The nested log of sum of exponentials is so common, it has its own name, “log-sum-exp”, $\textrm{log-sum-exp}(u, v) = \log (\exp(u) + \exp(v)).$ so that $\log (a + b) = \textrm{log-sum-exp}(\log a, \log b).$

Although it appears this might overflow as soon as exponentiation is introduced, evaluation does not proceed by evaluating the terms as written. Instead, with a little algebra, the terms are rearranged into a stable form, $\textrm{log-sum-exp}(u, v) = \max(u, v) + \log\big( \exp(u - \max(u, v)) + \exp(v - \max(u, v)) \big).$

Because the terms inside the exponentiations are $u - \max(u, v)$ and $v - \max(u, v)$ , one will be zero and the other will be negative. Because the operation is symmetric, it may be assumed without loss of generality that $u \geq v$ , so that $\textrm{log-sum-exp}(u, v) = u + \log\big(1 + \exp(v - u)\big).$

Although the inner term may itself be evaluated using the built-in function log1p, there is only limited gain because $\exp(v - u)$ is only near zero when $u$ is much larger than $v$ , meaning the final result is likely to round to $u$ anyway.

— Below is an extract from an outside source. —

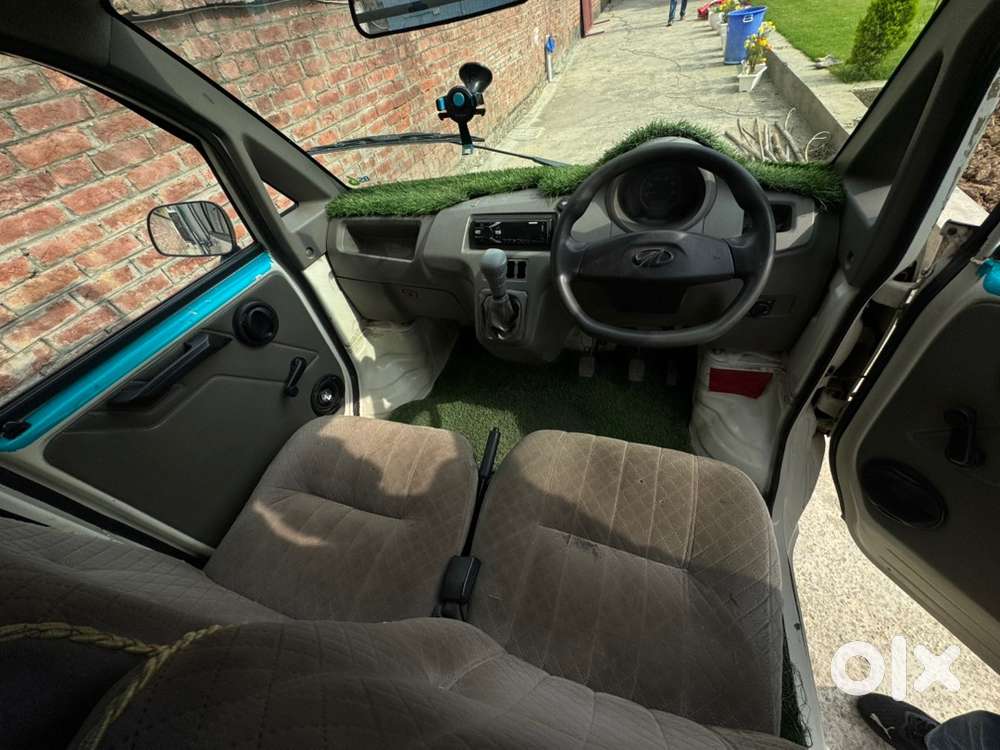 Mahindra Global Pik Up 2022 Petrol 42000 Km Driven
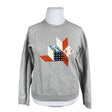 Unisex Calvin Klein Jeans - Dressikangast pluus, suurus 42 - Hall ()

To conclude, when evaluating $\log (a + b)$ given $\log a$ and $\log b$ , and assuming $\log a > \log b$ , return

$\log (a + b) = \log a + \textrm{log1p}\big(\exp(\log b - \log a)\big).$

17.4.2 Applying log-sum-exp to a sequence

The log sum of exponentials function may be generalized to sequences in the obvious way, so that if $v = v_1, \ldots, v_N$ , then $\begin{eqnarray*} \textrm{log-sum-exp}(v) & = & \log \sum_{n = 1}^N \exp(v_n) \\[4pt] & = & \max(v) + \log \sum_{n = 1}^N \exp(v_n - \max(v)). \end{eqnarray*}$ The exponent cannot overflow because its argument is either zero or negative. This form makes it easy to calculate $\log (u_1 + \cdots + u_N)$ given only $\log u_n$ .

17.4.3 Calculating means with log-sum-exp

An immediate application is to computing the mean of a vector $u$ entirely on the log scale. That is, given $\log u$ and returning $\log \textrm{mean}(u)$ . $\begin{eqnarray*} \log \left( \frac{1}{N} \sum_{n = 1}^N u_n \right) & = & \log \frac{1}{N} + \log \sum_{n = 1}^N \exp(\log u_n) \\[4pt] & = & -\log N + \textrm{log-sum-exp}(\log u). \end{eqnarray*}$ where $\log u = (\log u_1, \ldots, \log u_N)$ is understood elementwise.